### EXERCISE BRIEF
From the listing below, copy only the lines running from the line that contains "2026 Volvo XC40 B5 Core" to the line that contains "WERKAPRO - Aspirateur", both included.

### GIVEN RECORDS
-- Opening Marker --
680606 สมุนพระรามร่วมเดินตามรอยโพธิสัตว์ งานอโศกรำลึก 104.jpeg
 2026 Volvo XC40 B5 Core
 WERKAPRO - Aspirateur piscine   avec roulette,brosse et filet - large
-- Closing Marker --
-- Opening Marker --
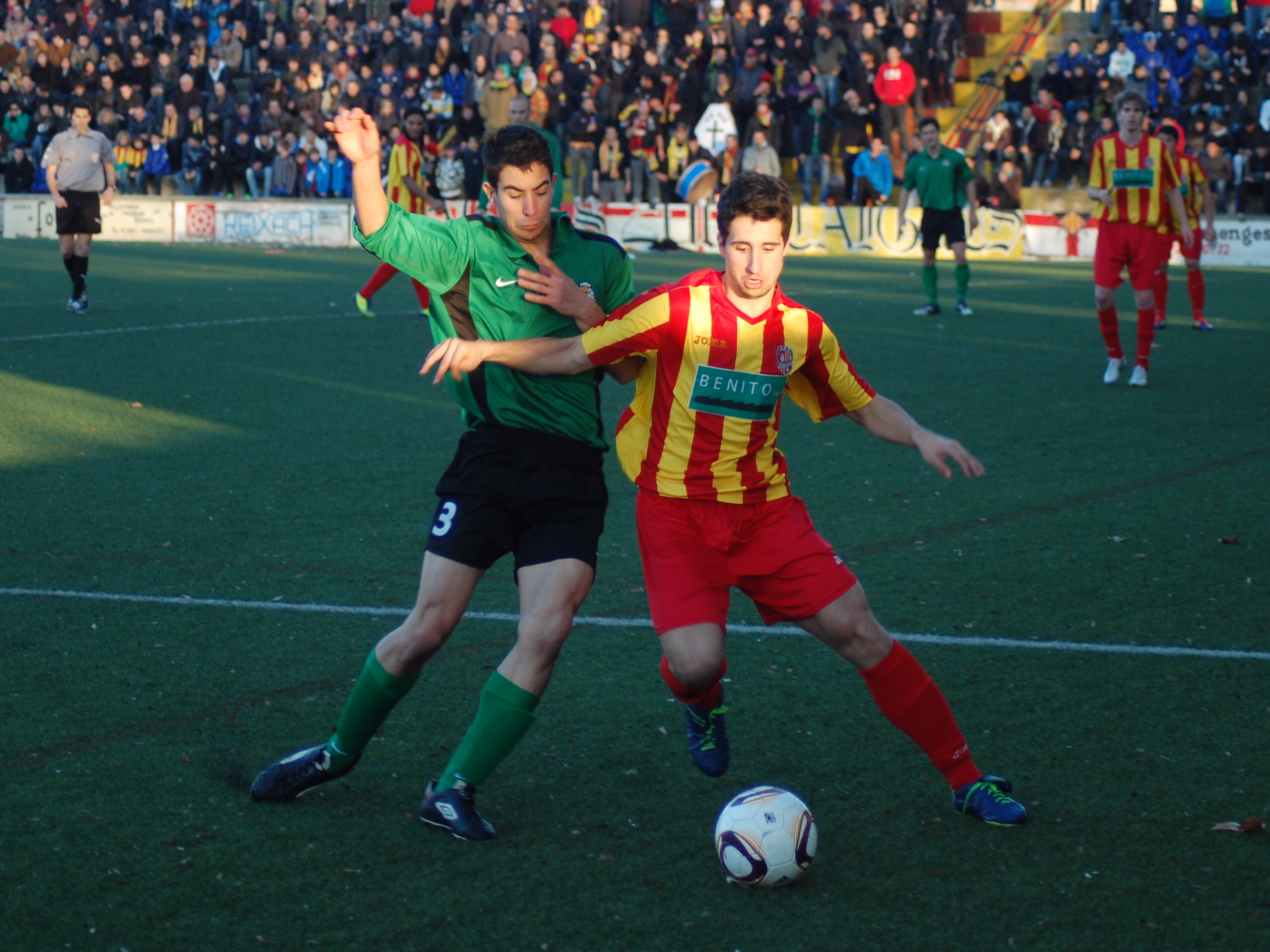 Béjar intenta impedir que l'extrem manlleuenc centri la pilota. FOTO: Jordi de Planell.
-- Closing Marker --
### RESPONSE
 2026 Volvo XC40 B5 Core
 WERKAPRO - Aspirateur piscine   avec roulette,brosse et filet - large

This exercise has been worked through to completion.